Na página oficial do diretor californiano, é possível encontrar links para seus mais variados trabalhos audiovisuais, incluindo filmes, fotografias, instalações e o que ele chama de experimentos. Radicado no Chile, esse seu segundo longa, é um achado, uma obra muito particular sobretudo se comparada ao cinema que se produz hoje em dia na América Latina. A partir dos relatos, que tem muitos elementos desconhecidos e até algumas lendas, sobre o francês que teria virado rei da Patagônia, Atallah desenvolve um filme que se orgulha e ressalta a ficção e a história.
De um lado, elogia a ficção com um trabalho excepcional de texturas, sobreposições e intervenções de imagens e sons, que lembra um pouco o que Guy Maddin faz em em seus filmes, especialmente em O Quarto Proibido. Do outro, Atallah manipula a história como um eco fantasmagórico do passado do país ou da própria América Latina que enxerga os povos indígenas como seres da floresta e mascara as intenções de quem escreve os livros.

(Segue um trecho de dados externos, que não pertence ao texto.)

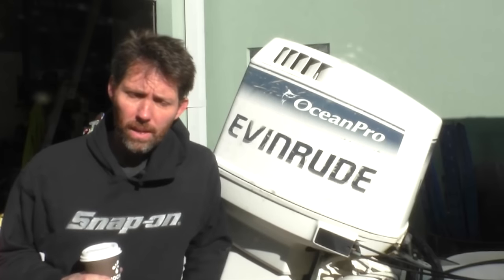Hey there, Dengar Stu here. Today we're going to look at firing up an outboard for the first time that hasn't been run in many years.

Por ter um formato e uma linguagem que exigem mais de quem assiste ao filme, Rey não é uma experiência simples porque não oferece um respostas simples. É um convite à decodificação. O fato é que este é um filme não acaba no fim. Seus experimentos visuais e sonoros ressoam nos olhos e ouvidos do espectador durante algum tempo. Se, em algum momento, as intervenções do cineasta poderiam parecer que terminavam em si mesmas, o tempo as deixa na condição de plataforma ideal para contar a trajetória de um personagem sem verdades absolutas, muito perto da lenda, muito perto da História.